It is our responsibility as a nation to do right by America's Native people, those who exercised sovereignty on lands that later became part of the United States. While we can never change the past, we have the power to change the future.
Throughout my career, I have worked to ensure that my colleagues understand the federal relationship with Native peoples, and its origins in the Constitution.
The United States' policy of supporting self-determination and self-governance for indigenous peoples leads to Native self-sufficiency, resulting in our continued ability to be productive and contribute to the well-being of our families, our communities, and our great nation.
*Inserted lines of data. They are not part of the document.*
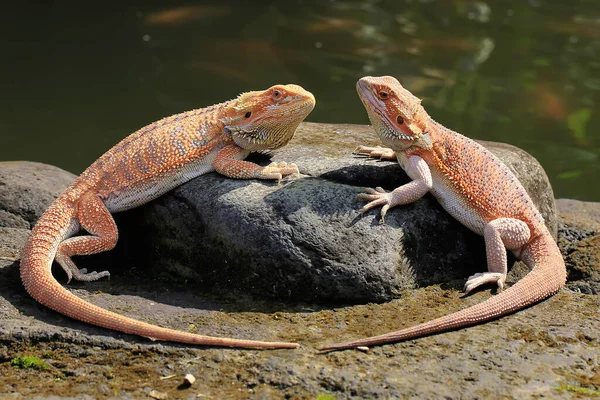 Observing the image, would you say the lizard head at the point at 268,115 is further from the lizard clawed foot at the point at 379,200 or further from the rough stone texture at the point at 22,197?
the rough stone texture at the point at 22,197

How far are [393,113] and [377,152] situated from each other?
514 mm

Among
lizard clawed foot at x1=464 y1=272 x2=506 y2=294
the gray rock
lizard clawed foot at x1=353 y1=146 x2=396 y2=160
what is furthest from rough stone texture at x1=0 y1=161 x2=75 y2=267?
lizard clawed foot at x1=464 y1=272 x2=506 y2=294

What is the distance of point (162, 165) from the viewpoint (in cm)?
610

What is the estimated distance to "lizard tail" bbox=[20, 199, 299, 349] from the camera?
16.1ft

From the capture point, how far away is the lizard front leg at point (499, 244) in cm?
562

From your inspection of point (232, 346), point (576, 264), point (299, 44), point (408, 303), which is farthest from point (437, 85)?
point (232, 346)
That is why I worked to secure parity in federal policy for my people, the Native Hawaiians.
The United States has recognized hundreds of Alaska Native and American Indian communities. It is long past time for the Native Hawaiian people to have the same rights, the same privileges, and the same opportunities as every other federally-recognized Native people.
For more than 12 years, I have worked with the Native Hawaiian community and many others to develop the Native Hawaiian Government Reorganization Act, which has the strong support of the Hawaii's legislature and governor as the best path forward towards reconciliation.
My bill has encountered many challenges, but it is pono, it is right, and it is long overdue. Although I will not be the bill's sponsor in the 113th Congress, it will forever bear my highest aspirations and heartfelt commitment to the Native Hawaiian people, the State of Hawaii, and the United States of America.
I know I am just one in a long line working to ensure that our language, our culture, and our people continue to thrive for generations to come.
Hawaii has so much to teach the world and this institution. In Congress and in our Nation, we are truly all together, in the same canoe. If we paddle together, in unison, we can travel great distances. If the two sides of the canoe paddle in opposite directions, we will only go in circles. I urge my colleagues to take this traditional Hawaiian symbol to heart, and put the American people first, by working together.
I want to say mahalo nui loa, thank you very much, to my incredible staff. After 36 years there are far too many individuals to name, so I will just thank my all of my current and former staff members in my Senate and House offices, and on my committees, including Indian Affairs, Veterans' Affairs, and subcommittee on Oversight of Government Management, the Federal Workforce, and the District of Columbia.